Continental Europe offers strong returns
Despite elections in the Netherlands and France in the first half of the year, the consensus forecasts for Eurozone GDP suggest only a modest slowdown to 1.6 percent in 2017 (down from 1.7 percent in 2016), according to M&G Real Estate’s Continental Europe market Outlook.
It points to positive sentiment being based on rises toward the end of 2016 in the Eurostoxx, Purchasing Managers’ Indices and headline inflation, as well as the continued recovery of the Eurozone labor market, and decision by the European Central Bank to extend its quantitative easing program to the end of 2017.
Slower rental value growth than expected
In the Eurozone occupier markets, although the Outlook suggests a period of slower rental value growth than previously expected, it highlights the weight of capital continuing to be drawn by the current strength of many office occupier markets and the prospect of increasing rents, especially in Spanish and German cities, as well as Stockholm.
Tight development pipelines will also continue to boost office rental growth in many markets and, overall, the European office sector is expected to generate 1.7 percent per year average rental growth over the next three years.
As the first sector to recover in the European cycle, the Outlook states that retail rents are the most likely to stabilize ahead of other sectors. M&G Real Estate expects the combined European retail sectors to generate 2.6 percent per year average rental growth over the next three years.

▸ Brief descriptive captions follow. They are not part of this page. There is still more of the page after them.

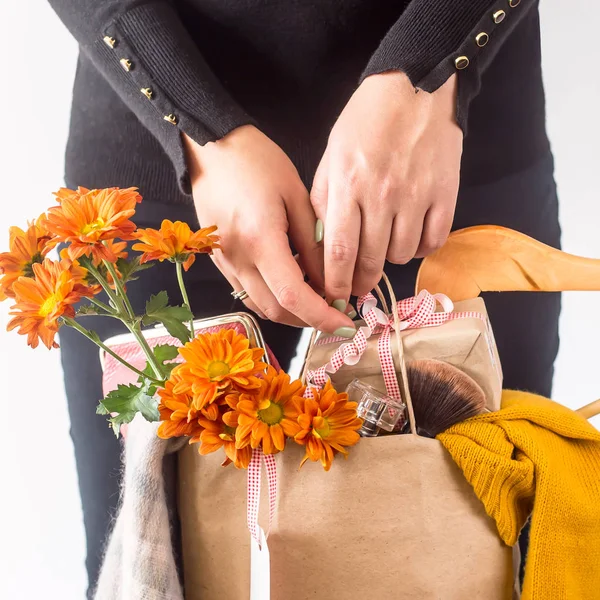 Crafts package with women's shopping on black Friday, filled with clothes, cosmetics, flowers in the hands of a girl in black clothes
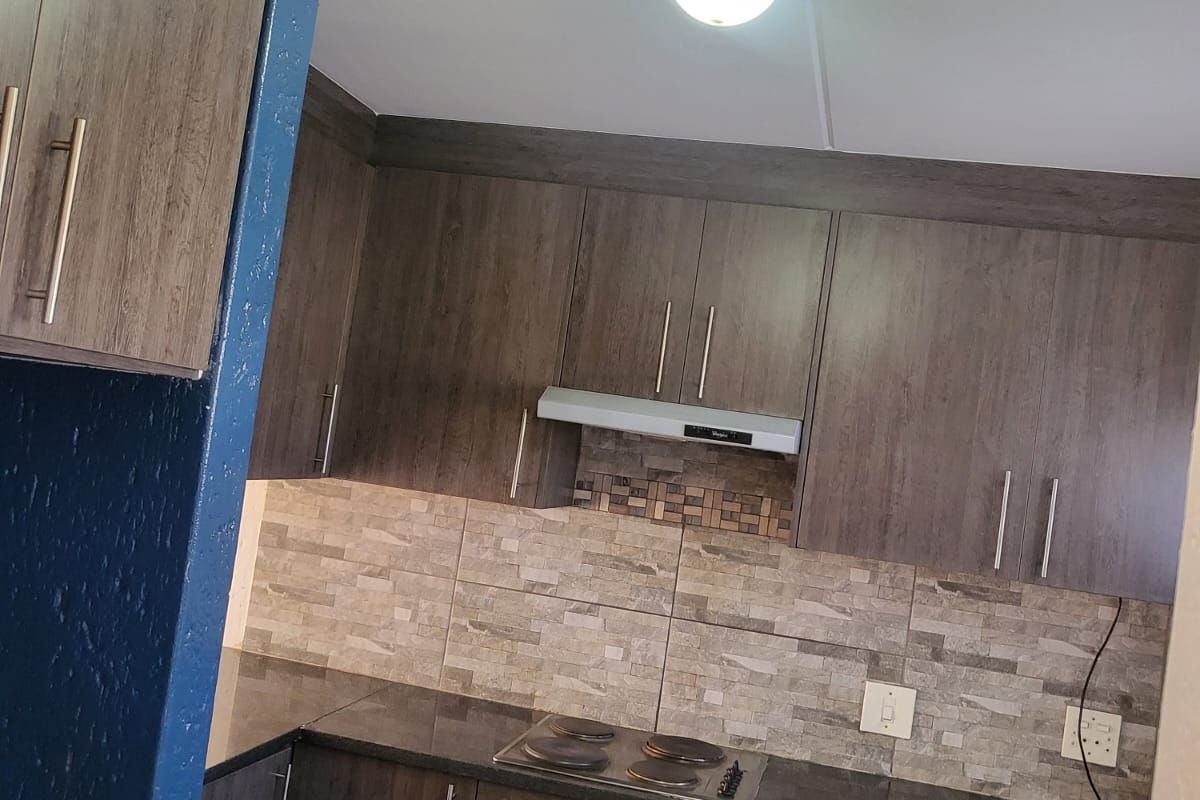 A functional kitchen featuring dark wood-look cabinetry, stone countertops, a tiled backsplash, and integrated appliances including an oven and hob.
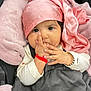 baby, infant, child, face, hand, fingers, headscarf, pink, blanket, clothing, bracelet, cute, indoors, portrait, cozy, soft, sleeping_bag, sitting, closeup, person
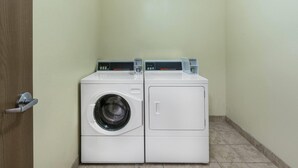 Una sala de bugaderia amb dues rentadores blanques i una porta.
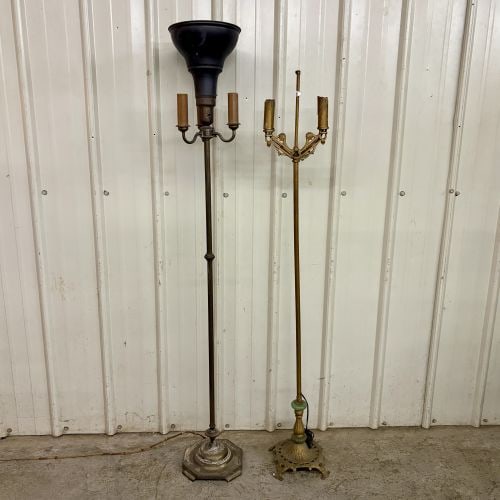 Two Vintage Cast Metal Floor Lamps in Art Deco and Candelabra Styles: This lot consists of two vintage cast metal floor lamps of different decorative styles. The first is an Art Deco style torchere lamp featuring a black metal trumpet-shaped reflector shade at the top. 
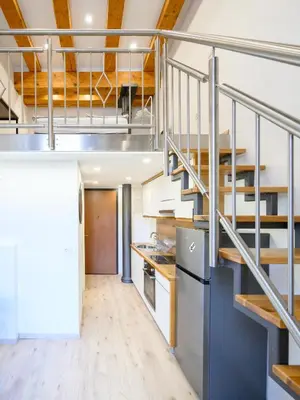 a kitchen with a staircase in a loft at The Lovely Loft in Ljubljana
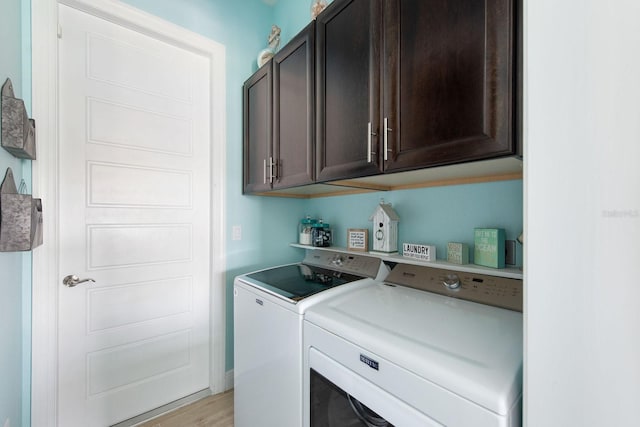 1131 Rotonda Cir, Rotonda West, FL 33947 - laundry room featuring washer and dryer, cabinet space, and light wood-style flooring
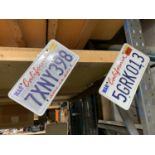 TWO US STYLE METAL NUMBER PLATES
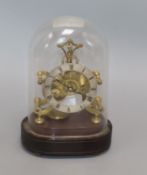 A Victorian small brass skeleton clock under glass dome overall height 23cm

The Outlook states that the short-term political backdrop, in addition to uncertainties over the outcome of trade negotiations following Brexit, are unlikely to significantly affect the long-term growth prospects of the European logistics sector.

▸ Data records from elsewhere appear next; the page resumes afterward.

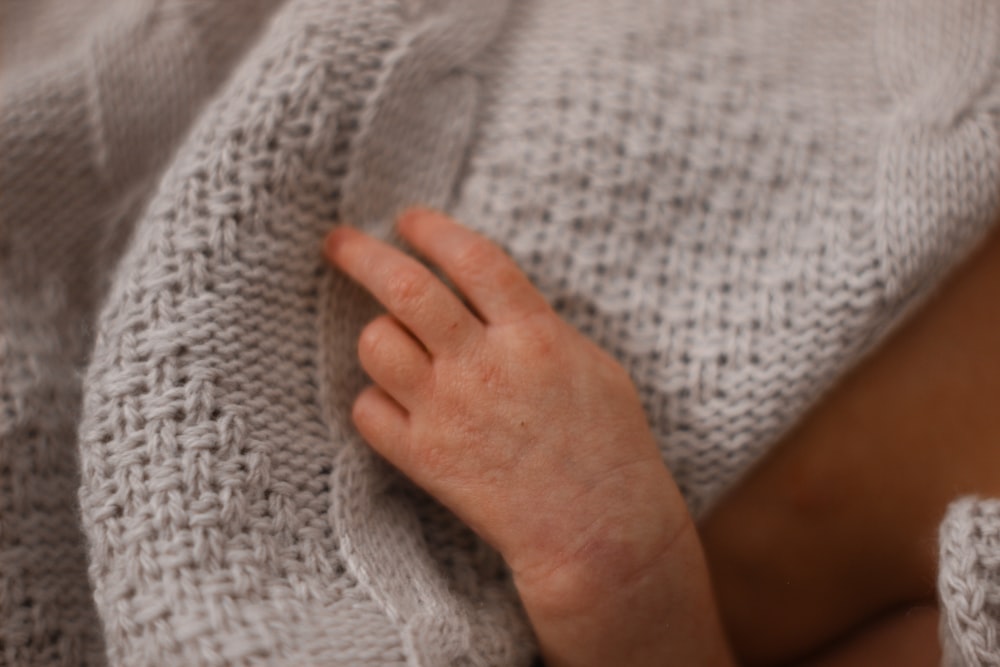 a person wrapped in a blanket with their hand on top of the blanket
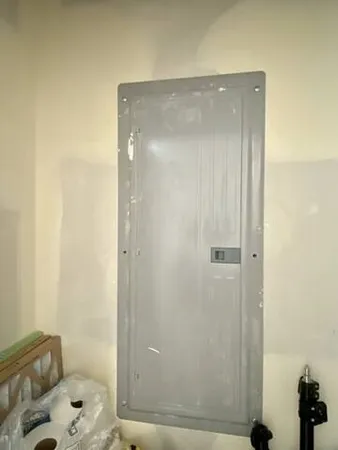 a bathroom with a glass shower door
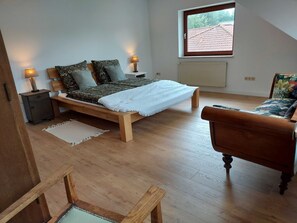 Une chambre avec un lit en bois, une table de chevet avec une lampe, une fenêtre donnant sur un bâtiment au toit rouge et une chaise en bois.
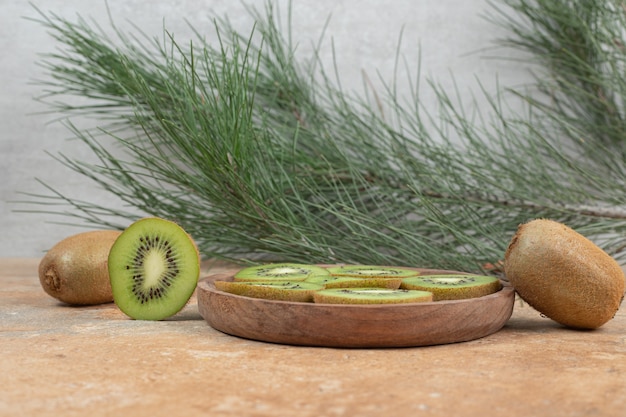 Foto gratuita fette di kiwi maturo sul piatto di legno.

M&G Real Estate states that this view is supported by structural ecommerce and reshoring trends. It expects the European industrial sector to generate 1.2 percent per year average rental growth over the next three years.

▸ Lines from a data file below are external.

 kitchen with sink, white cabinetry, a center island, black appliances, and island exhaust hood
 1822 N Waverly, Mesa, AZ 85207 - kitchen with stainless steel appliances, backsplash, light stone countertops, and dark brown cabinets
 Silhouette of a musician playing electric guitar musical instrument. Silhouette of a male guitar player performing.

Weight of capital to see yields move lower
With real estate offering attractive spreads above bonds, the Outlook states that the political outlook across Europe is clearly not dissuading investors from allocating capital to the asset class.
M&G Real Estate notes that prime property yields are already at historic lows. Given the attractive spreads versus 10-year government bonds, however, it does not believe prime real estate yields have found a floor yet.
At the all-property level, it states that the weight of capital chasing core assets will see yields move lower, by around 10 basis points to 20 basis points at an aggregate European level.